SUNNI: “Ajaran yang mana yang menggunakan hadits palsu dan lemah???
Justru kaum Anda sendiri yang terjebak dalam kesalahan dalam menolak
peran hadits dha’if secara total. Salah karena keluar dari manhaj ahli
hadits dan salah karena menyalahi ulama Anda sendiri.”
WAHABI:
“Lho, kok bisa kami dikatakan keluar dari manhaj ahli hadits dan
menyalahi ulama kami sendiri? Bukankah yang berjuang menolak hadits
dha’if itu ulama kami?”
SUNNI: “Lho, itu kan Anda berarti hanya
taklid buta kepada ustadz-ustadz Anda. Harus Anda ketahui, bahwa yang
menolak peran hadits dha’if di kalangan Anda, itu Wahabi beberapa tahun
kemarin, pengikut Syaikh al-Albani dari Yordania. Sementara ulama Wahabi
sebelum Anda juga banyak menyebarkan hadits dha’if, sebagaimana yang
dilakukan oleh ahli hadits.”
WAHABI: “Lho, maka buktinya bahwa
sebelum Syaikh al-Albani, ulama kami yang kalian sebut Wahabi menerima
dan menyebarkan hadits dha’if?”
SUNNI: “Anda ini lucu, ngakunya
pengagum al-Albani, tapi tidak pernah mengerti kitab-kitab tulisan
al-Albani sendiri. Coba Anda lihat, Ibnu Taimiyah menulis kitab berjudul
al-Kalim al-Thayyib, yang isinya membolehkan tawasul, istighatsah dan
jualan jimat. Lalu kitab tersebut di-ikhtishar oleh al-Albani, menjadi
Shahih al-Kalim al-Thayyib, dengan membuang 59 hadits dari total 252,
yang dianggap dha’if oleh al-Albani. Ini kan cukup membuktikan bahwa
Ibnu Taimiyah tidak alergi hadits dha’if. Belum lagi Muhammad bin Abdul
Wahhab an-Najdi al-Qarni, menulis kitab al-Tauhid, sebagian hadits nya
juga dha’if sebagaimana diakui oleh kaum Wahabi sendiri. Ini bukti bahwa
pendiri Wahabi juga tidak alergi hadits dha’if. Kenapa kalian alergi
hadits dha’if??
Kalian tahu, bahwa ulama kalian, yang sok anti hadits dha’if, diam-diam juga menyebarkan akidah palsu dan riwayat dusta??”

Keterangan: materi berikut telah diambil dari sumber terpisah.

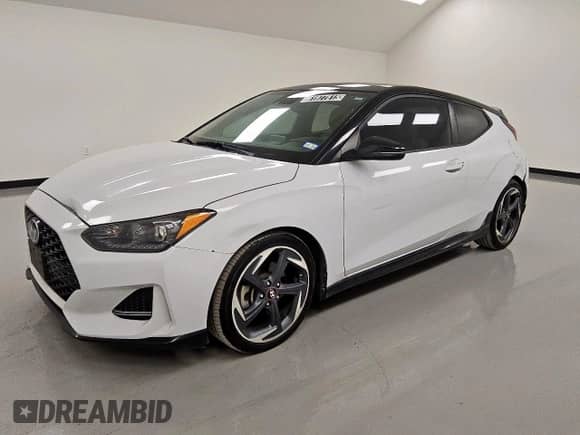 2020 Hyundai Veloster Turbo Ultimate z VIN KMHTH6AB5LU030287, wystawiony jako Copart lot #61977815 z przebiegiem 84 088 mil mil oraz Czysty tytuł • Clean title. Historia ofert i sprzedaży dostępna na DreamBid. Obrazek 1.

WAHABI: “Ah, Anda keterlaluan, menuduh ulama kami sebagai penyebar
akidah palsu dan riwayat dusta. Mana buktinya??? Anda jangan asal
ngomong. Berdosa lho, bohong itu.”
SUNNI: “Di antara riwayat
palsu yang disebarluaskan oleh ulama Anda adalah akidah yang dinisbatkan
kepada al-Imam al-Syafi’i. Ketika jamaah haji pulang dari Tanah Suci,
mereka diberi hadiah kitab Akidah Imam Empat, karya al-Khumayyis,
terjemahan dari kitab I’tiqad al-Aimmah al-Arba’ah, oleh Ali Mustafa
Ya’qub. Di dalamnya ada akidah yang dinisbatkan kepada Imam al-Syafi’i,
bahwa beliau berkata:
“Berbicara tentang Sunnah yang menjadi
pegangan saya, shahib-shahib saya, begitu pula para ahli hadits yang
saya lihat dan saya ambil ilmu mereka, seperti Sufyan, Malik, dan
lain-lain adalah iqrar seraya bersaksi bahwa tidak ada tuhan selain
Allah, serta bersaksi bahwa Allah itu di atas ‘arsy di langit, dan dekat
dengan mahkluk-Nya terserah kehendak Allah, dan Allah itu turun ke
langit terdekat kapan Allah berkehendak.” (Al-Khumayyis, Akidah Imam
Empat, hal. 68.).
Akidah al-Imam al-Syafi’i tersebut telah
disebarluaskan oleh kaum Wahabi dan pendahulu-pendahulu mereka seperti
Ibnu Taimiyah dalam al-Washiyyah al-Kubra, Ibnu al-Qayyim dalam Ijtima’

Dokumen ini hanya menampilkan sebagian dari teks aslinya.